Task prompt: Reproduce, from the lines below, exactly the stretch that begins at the line containing "Pigeon breasts top plated rice" and ends at the line containing "Example of a", both included.

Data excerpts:
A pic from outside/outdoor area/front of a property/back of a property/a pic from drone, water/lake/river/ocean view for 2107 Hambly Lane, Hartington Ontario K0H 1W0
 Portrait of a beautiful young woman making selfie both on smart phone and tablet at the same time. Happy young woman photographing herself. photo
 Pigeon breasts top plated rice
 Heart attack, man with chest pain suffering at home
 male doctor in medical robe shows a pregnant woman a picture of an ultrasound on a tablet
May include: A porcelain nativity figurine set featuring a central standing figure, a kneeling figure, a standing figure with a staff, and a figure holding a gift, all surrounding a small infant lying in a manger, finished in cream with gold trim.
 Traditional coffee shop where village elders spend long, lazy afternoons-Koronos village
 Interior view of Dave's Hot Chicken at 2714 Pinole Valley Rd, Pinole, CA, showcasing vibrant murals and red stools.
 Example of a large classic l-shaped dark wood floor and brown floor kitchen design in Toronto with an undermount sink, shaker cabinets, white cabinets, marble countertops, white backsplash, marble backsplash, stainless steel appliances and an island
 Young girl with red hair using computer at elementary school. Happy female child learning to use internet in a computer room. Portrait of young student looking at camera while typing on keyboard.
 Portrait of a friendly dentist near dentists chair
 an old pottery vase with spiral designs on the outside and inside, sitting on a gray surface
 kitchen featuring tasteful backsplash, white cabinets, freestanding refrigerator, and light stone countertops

Final answer:
 Pigeon breasts top plated rice
 Heart attack, man with chest pain suffering at home
 male doctor in medical robe shows a pregnant woman a picture of an ultrasound on a tablet
May include: A porcelain nativity figurine set featuring a central standing figure, a kneeling figure, a standing figure with a staff, and a figure holding a gift, all surrounding a small infant lying in a manger, finished in cream with gold trim.
 Traditional coffee shop where village elders spend long, lazy afternoons-Koronos village
 Interior view of Dave's Hot Chicken at 2714 Pinole Valley Rd, Pinole, CA, showcasing vibrant murals and red stools.
 Example of a large classic l-shaped dark wood floor and brown floor kitchen design in Toronto with an undermount sink, shaker cabinets, white cabinets, marble countertops, white backsplash, marble backsplash, stainless steel appliances and an island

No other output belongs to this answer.